LOESS
It is quite common to have a relation between two values represented as a scatterplot. However, visual representation of a scatterplot alone can often be non-informative if the data is sparse, noisy, and has outliers. We might want to estimate the possible relationship between variables by building a smooth line instead, so that we can learn more about the behavior of a process. We would also like to extrapolate the unknown values. LOESS is a non-parametric technique which does exactly that and provides an alternative to traditional regression models. LOESS (also referred to as LOWESS) stands for locally estimated (weighted) scatterplot smoothing, and its main purpose is describing local behaviour of some process without using any prior knowledge about the nature of this process. Unlike parametric regression models which rely on global relationship between variables, non-parametric models display more flexibility in representing the exact nature of observed events, taking into consideration local patterns. As such LOESS helps to pinpoint some of the relationships which would be overlooked by traditional parametric regression. Applying LOESS first during exploratory data analysis could also help in determining a non-linear model to be fitted later.
Below is an example of LOESS performed for some set of observations:
As we see, fitting linear regression in this particular case would not be wise as the process clearly changed its trend in the middle.
How it works
Smoothing with local regression
Given a set of $n$ observations we should select $m$ equally spaced points (they may not be represented by existing $n$ points). For each of these $m$ points the value is recalculated as a weighted average of a certain number of existing neighboring points where the nearest datapoints have the biggest weight.

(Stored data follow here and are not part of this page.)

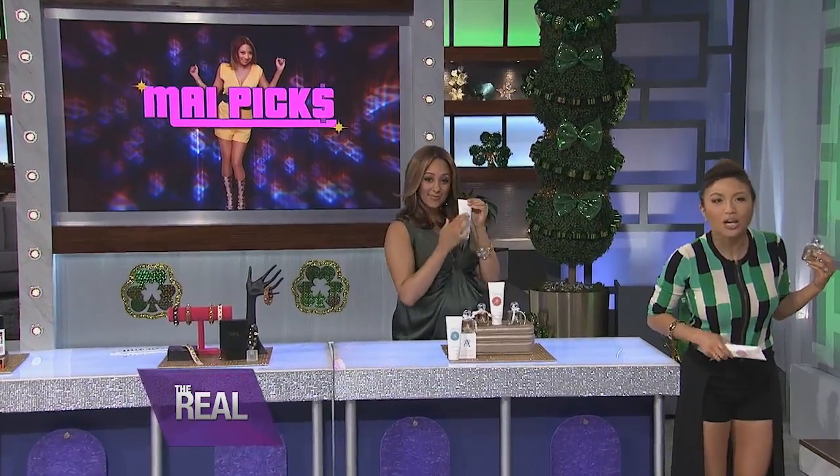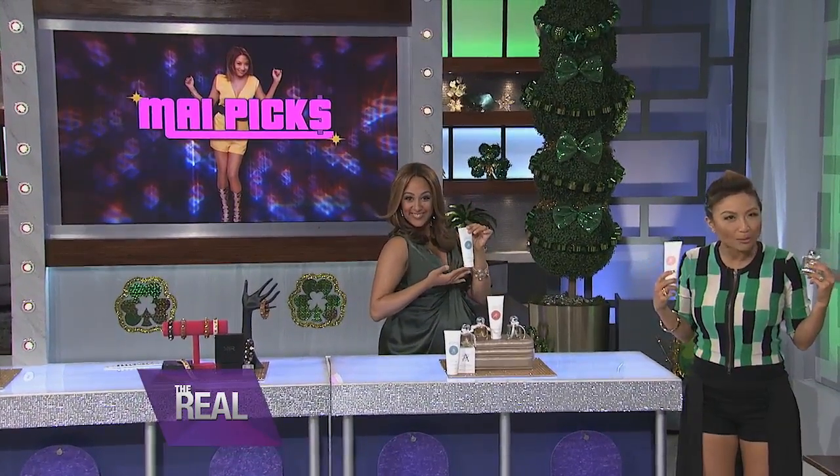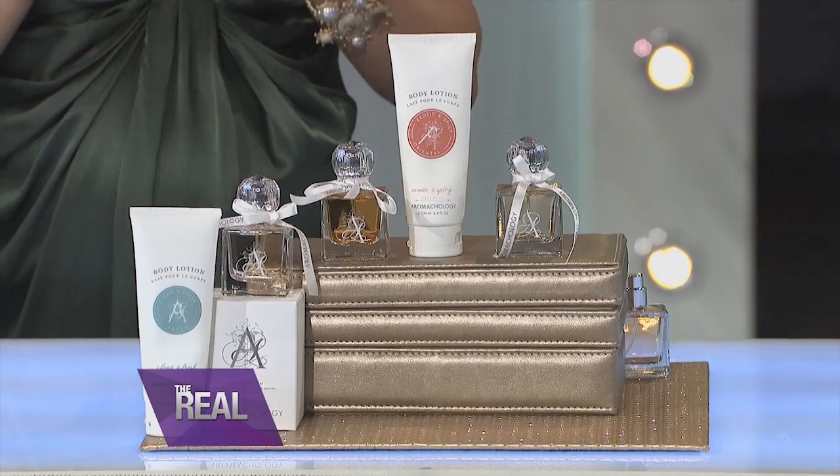And everyone at home, of course you can get in on the sale too. To get your own My Picks powered by StyleMind, go to thereal.com. Do not wait, because these deals will sell out fast. There is also an online giveaway of 10 perfume and lotion sets by Aromacology. Now you're all ready to make a statement and stand out — I hope you guys loved My Picks as much as I did!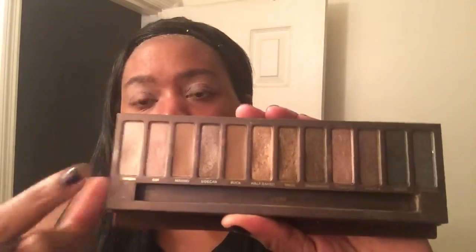Next I'm going to do my eyeshadow. Today since I'm wearing like a black palette, I'm going to use the Naked 1 palette. I'm going to use Virgin for the highlighting area, then I'm going to use Buck as a transition, and then for my eyelids I'm going to use Smog as a base color.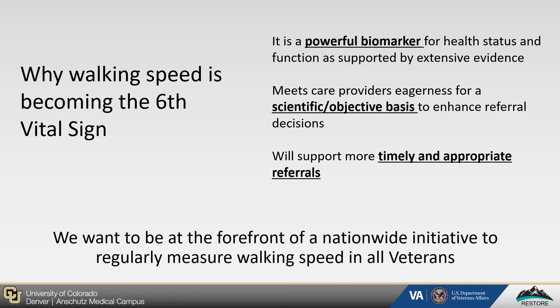Given this wealth of evidence, we want to be at the forefront of a nationwide initiative to regularly measure walking speed in all veterans, to enhance the referral decision-making process of our health care providers, and in turn, improve veteran quality of life.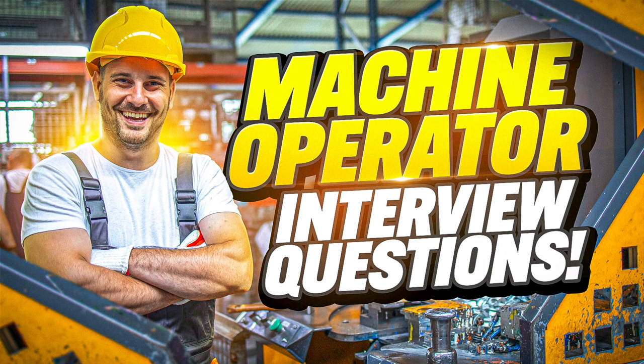Hello there. My name is Richard McMunn from the interview training website PassMyInterview.com. In this tutorial, I will help you prepare for a machine operator interview. If you are applying to become a machine operator with any company or organization, please make sure you stay tuned because I promise to help you pass your interview at the very first attempt.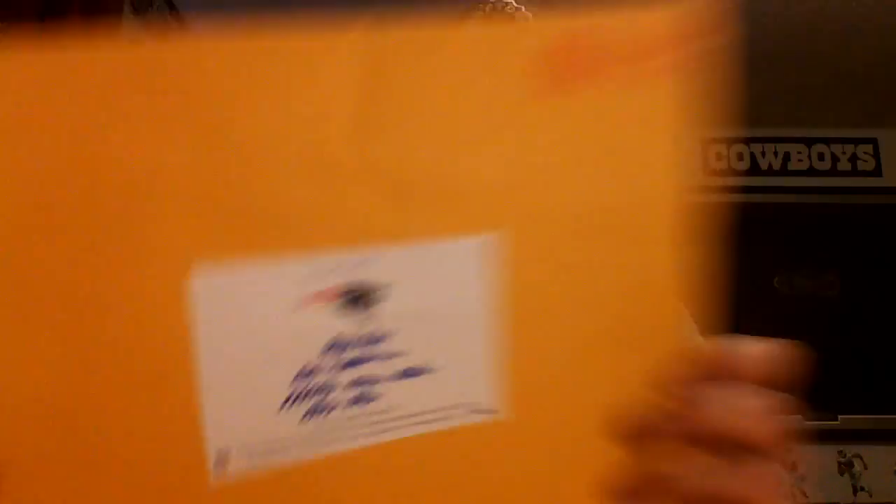The first one is coming back from the New England Patriots, and they paid $2.71 to get this out to me. Nothing super crazy in here, but it's really cool because I do believe this is the first pack that the Patriots have ever sent me. They don't like to ship international, so I was very pleased to get this one. Let me get everything out of the envelope.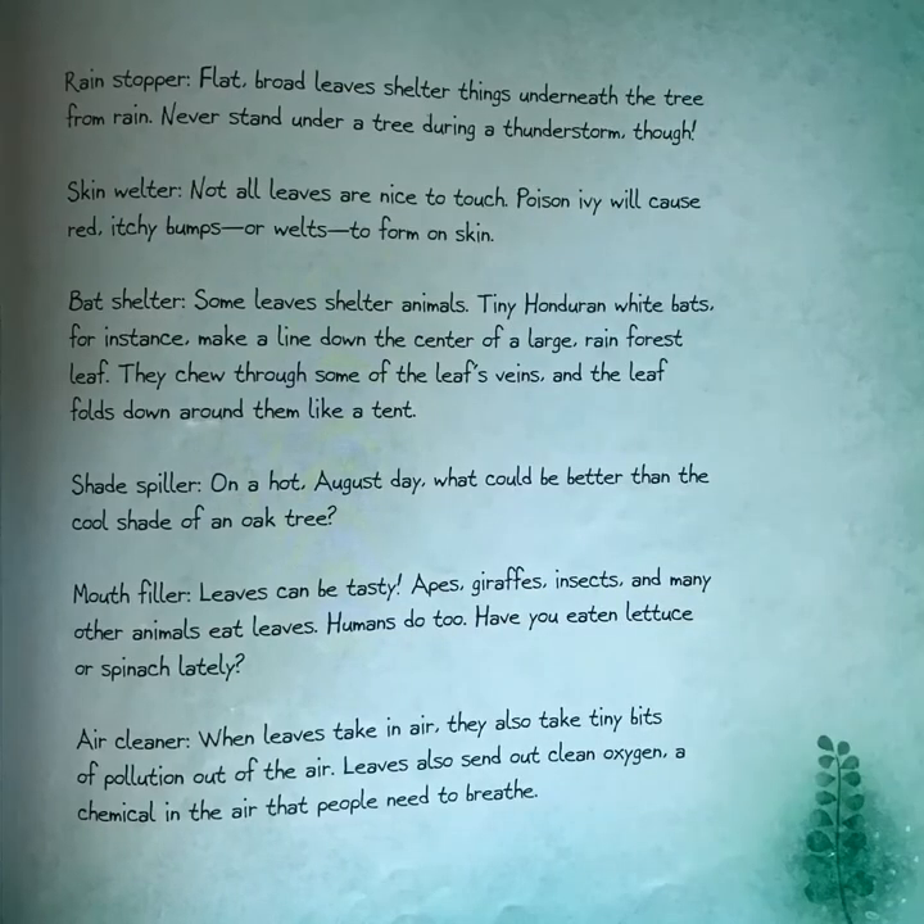Food maker: along with sunlight, leaves take in air and water. They turn these things into food for the plant or tree — this is called photosynthesis. Tree topper: this is how we usually think of leaves — the green tops of trees. Imagine what the world would look like if trees were only trunks and limbs with no leaves. Rain stopper: flat, broad leaves shelter things underneath the tree from rain. Never stand under a tree during a thunderstorm, though.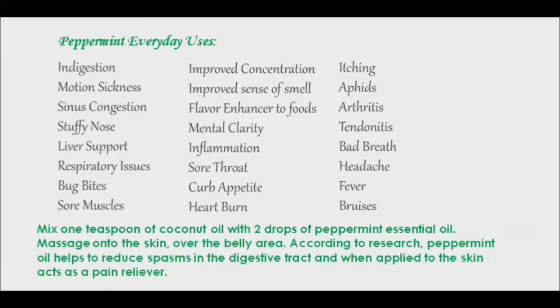Peppermint essential oil is great for any kind of stomach issues, like gas, bloating, cramps, upset stomach, vomiting, and diarrhea. These can all be relieved with a nice peppermint tummy rub. Mix one teaspoon of coconut oil with two drops of peppermint essential oil and massage onto the skin over the belly area. According to research, peppermint oil helps to reduce spasms in the digestive tract and, when applied to the skin, acts as a pain reliever.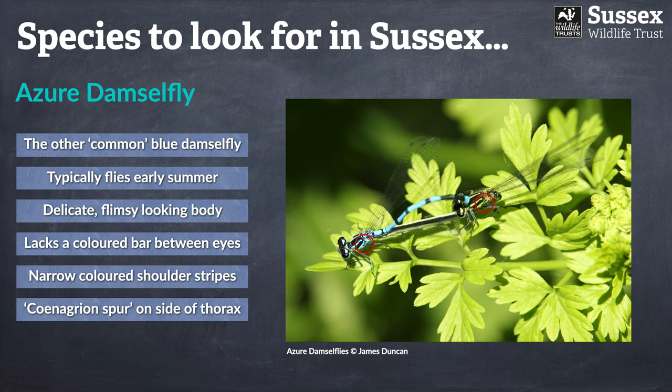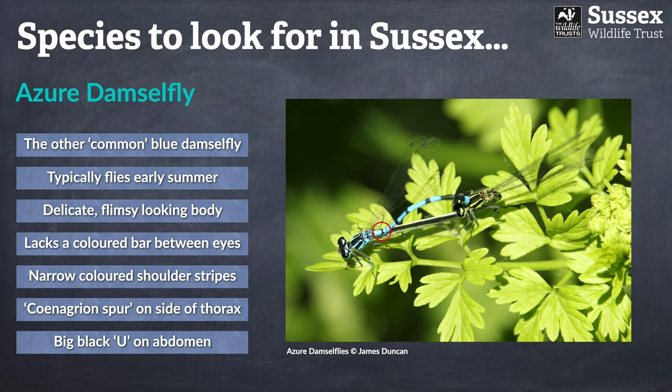The azure damselfly also exhibits the diagnostic spur on the side of the thorax. Bear in mind this spur is shared by all members of the same genus, but it is not exhibited by the common blue damselfly, making it really diagnostic. If you get a good look at the top of the abdomen on segment two, you'll see a very distinct marking: where the common blue has what I'd describe as a mushroom cloud, the azure damselfly has a big black 'U' shape — and you can think of the U in the word 'azure' as a memory aid.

Although we do not use parameters here for specifying the shape of the curve, a couple of hyperparameters should be specified beforehead in order to define the global behaviour of the algorithm. These are:
- the smoothing parameter $\alpha$ which determines the proportion of all observations used in a sliding window. Can have values between 0 and 1. Larger values of $\alpha$ produce smoother curves
- parameter $\lambda$ which determines the degree of the polynomial which is fitted to the points. $\lambda$ higher than 1 may help to capture the local curvature. The general rule is to set $\lambda$ to 1 when the function is expected to have monotonic behavious, and to 2 if the curvature of the line may produce local minima and maxima
The parameter $\alpha$ actually determines the number of points used in recalculation of each of $m$ points. One thing to note is that the number stays the same even if the point has neighboring values only to one side.
The weight of each of the nearest neighbours is determined by a tricube weight function:
$w_i = (1-d_i^3)^3$
where $d_i$ is the fraction of the distance to $i$th point from the maximum distance. So if we are calculating the value of some $j$th point then $d_i$ the distance between this point and its $i$th neighbouring point divided by the distance between this point and the farthest point in its window.
All other points which are outside of the relevant window do not have any weight whatsoever.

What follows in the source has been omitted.